## AVAILABLE DATA:
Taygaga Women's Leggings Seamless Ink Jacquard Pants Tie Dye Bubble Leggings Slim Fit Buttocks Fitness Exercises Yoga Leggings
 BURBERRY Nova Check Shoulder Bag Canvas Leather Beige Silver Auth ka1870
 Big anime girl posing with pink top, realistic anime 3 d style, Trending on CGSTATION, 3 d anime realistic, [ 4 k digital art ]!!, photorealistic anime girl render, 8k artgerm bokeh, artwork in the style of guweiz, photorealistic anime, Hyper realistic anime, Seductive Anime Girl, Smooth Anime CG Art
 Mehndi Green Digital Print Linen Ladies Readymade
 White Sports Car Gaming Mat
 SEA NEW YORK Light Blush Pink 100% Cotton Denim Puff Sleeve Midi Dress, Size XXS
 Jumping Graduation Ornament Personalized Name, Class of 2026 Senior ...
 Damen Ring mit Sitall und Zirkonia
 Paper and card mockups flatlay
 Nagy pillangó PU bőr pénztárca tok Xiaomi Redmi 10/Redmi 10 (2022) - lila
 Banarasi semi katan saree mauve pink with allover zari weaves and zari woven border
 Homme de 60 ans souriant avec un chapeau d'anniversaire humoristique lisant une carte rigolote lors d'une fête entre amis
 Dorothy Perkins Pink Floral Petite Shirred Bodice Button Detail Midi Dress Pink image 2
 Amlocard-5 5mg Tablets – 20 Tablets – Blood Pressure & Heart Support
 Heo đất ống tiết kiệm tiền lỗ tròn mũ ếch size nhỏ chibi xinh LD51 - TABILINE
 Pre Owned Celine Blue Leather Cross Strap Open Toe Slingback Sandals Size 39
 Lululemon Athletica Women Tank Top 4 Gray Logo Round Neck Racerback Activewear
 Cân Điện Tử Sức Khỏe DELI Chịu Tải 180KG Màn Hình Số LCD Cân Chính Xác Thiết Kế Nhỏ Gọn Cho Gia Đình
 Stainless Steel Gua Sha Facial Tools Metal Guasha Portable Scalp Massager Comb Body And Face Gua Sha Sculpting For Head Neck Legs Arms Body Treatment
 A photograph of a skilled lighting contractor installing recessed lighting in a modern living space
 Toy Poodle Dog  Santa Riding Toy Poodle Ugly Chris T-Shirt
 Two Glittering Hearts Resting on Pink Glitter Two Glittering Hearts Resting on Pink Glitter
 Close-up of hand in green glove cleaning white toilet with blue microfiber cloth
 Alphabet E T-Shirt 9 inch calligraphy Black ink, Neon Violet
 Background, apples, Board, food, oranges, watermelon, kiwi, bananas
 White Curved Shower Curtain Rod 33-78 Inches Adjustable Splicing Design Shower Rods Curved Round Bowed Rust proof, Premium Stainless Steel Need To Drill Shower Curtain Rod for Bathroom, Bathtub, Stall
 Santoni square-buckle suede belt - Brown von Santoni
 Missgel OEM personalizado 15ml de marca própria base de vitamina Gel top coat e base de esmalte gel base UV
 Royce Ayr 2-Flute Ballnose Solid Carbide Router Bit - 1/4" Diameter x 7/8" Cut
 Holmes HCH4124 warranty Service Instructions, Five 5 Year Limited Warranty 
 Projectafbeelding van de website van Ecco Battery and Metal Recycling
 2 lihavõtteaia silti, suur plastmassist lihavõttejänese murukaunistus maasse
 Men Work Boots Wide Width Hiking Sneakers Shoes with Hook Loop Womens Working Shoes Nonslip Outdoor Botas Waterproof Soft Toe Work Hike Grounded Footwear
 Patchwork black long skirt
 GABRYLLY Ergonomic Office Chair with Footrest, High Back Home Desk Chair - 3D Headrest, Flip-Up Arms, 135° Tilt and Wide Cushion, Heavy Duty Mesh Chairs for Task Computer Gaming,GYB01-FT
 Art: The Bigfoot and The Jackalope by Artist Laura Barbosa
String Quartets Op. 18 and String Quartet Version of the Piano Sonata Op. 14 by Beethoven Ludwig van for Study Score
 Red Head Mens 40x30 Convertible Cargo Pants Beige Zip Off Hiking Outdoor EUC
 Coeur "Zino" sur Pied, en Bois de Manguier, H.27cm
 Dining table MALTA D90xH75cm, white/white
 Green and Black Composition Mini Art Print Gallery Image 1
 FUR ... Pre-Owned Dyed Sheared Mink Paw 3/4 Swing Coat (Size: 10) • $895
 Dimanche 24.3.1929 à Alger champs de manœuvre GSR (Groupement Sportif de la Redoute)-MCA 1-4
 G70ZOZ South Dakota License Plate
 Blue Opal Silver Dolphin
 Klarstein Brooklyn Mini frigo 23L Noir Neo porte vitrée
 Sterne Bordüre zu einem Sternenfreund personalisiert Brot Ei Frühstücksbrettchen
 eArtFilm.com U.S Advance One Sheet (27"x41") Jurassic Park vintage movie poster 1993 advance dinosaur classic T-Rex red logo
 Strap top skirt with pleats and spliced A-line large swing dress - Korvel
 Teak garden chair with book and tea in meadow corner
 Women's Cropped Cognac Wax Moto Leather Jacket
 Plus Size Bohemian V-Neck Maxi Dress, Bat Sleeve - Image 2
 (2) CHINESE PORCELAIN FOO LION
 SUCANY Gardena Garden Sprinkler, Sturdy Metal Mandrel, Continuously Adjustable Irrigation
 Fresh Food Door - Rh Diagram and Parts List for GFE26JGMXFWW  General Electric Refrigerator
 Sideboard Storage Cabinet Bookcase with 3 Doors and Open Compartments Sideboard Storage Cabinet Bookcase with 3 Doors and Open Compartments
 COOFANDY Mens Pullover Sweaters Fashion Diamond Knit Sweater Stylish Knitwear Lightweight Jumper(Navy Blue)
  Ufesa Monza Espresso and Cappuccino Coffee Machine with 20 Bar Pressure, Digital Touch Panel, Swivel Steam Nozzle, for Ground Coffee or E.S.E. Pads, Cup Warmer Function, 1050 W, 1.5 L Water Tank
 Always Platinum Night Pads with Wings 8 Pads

## TASK GOAL:
Each line in the entries above, starting at the line with "Two Glittering Hearts Resting on Pink Glitter Two" and ending at the line with "Projectafbeelding van de", is to be printed exactly, and only those lines.

## EXPECTED ANSWER:
 Two Glittering Hearts Resting on Pink Glitter Two Glittering Hearts Resting on Pink Glitter
 Close-up of hand in green glove cleaning white toilet with blue microfiber cloth
 Alphabet E T-Shirt 9 inch calligraphy Black ink, Neon Violet
 Background, apples, Board, food, oranges, watermelon, kiwi, bananas
 White Curved Shower Curtain Rod 33-78 Inches Adjustable Splicing Design Shower Rods Curved Round Bowed Rust proof, Premium Stainless Steel Need To Drill Shower Curtain Rod for Bathroom, Bathtub, Stall
 Santoni square-buckle suede belt - Brown von Santoni
 Missgel OEM personalizado 15ml de marca própria base de vitamina Gel top coat e base de esmalte gel base UV
 Royce Ayr 2-Flute Ballnose Solid Carbide Router Bit - 1/4" Diameter x 7/8" Cut
 Holmes HCH4124 warranty Service Instructions, Five 5 Year Limited Warranty 
 Projectafbeelding van de website van Ecco Battery and Metal Recycling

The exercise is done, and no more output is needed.